First, you need a batsman who is at his absolute terrifying peak and super consistent. Even then, luck plays a part. I'm talking about getting dropped early in a couple of innings and turning those lives into massive 80s or 100s. Take KL Rahul - he got dropped on 12 runs and then smashed 152 off 67 balls against Punjab Kings. Without those dropped catches, the momentum just wouldn't be there to chase near-1k runs.
Second, it's just maths. The BCCI keeps the league to 14 games even with 10 teams, which doesn't add up. If they scrap the random groups and make everyone play each other twice (home and away), each side gets 18 league games plus 2-3 playoffs. Those extra 4 games will eventually push the record down.

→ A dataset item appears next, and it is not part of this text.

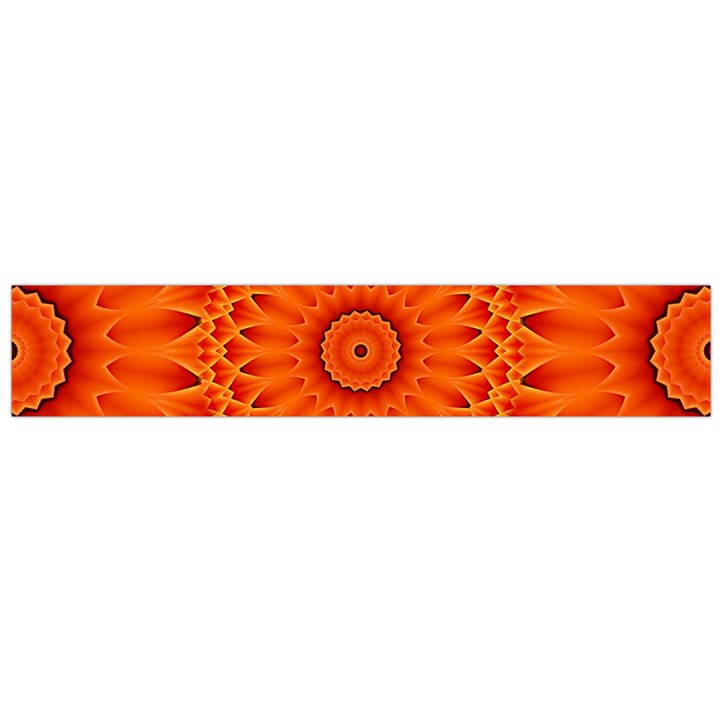 Lotus Fractal Flower Orange Yellow Flano Scarf (Large)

If someone breaks it in a 20-game season, it's not the same. To me, that 2016 run is still the pinnacle of T20 batting no matter what the record books say later.
What are your thoughts?
(https://i.ibb.co/BK7GX7tF/0gh7l7bpnvxg1.jpg)
Give Suryavanshi a few more years.
Re: How do you think this record can be broken??
By another batsman.
An opener, for sure.
WTF, his average is 81.
Just look at the consistency he had that season. With the impact-player rule, batsmen are more aggressive, so maintaining that level of consistency now seems impossible.
Surbhav Vairyavanshi.
I think Gill and Buttler came close in 2023 and 2022.
Even Virat can't replicate that magic. He was a beast that season.
No one's scoring nearly a thousand runs at a SR of 150 anymore. Teams prefer you score 600 at a SR of 180-200+.
It is breakable, I think, because the new settings favour batters a lot.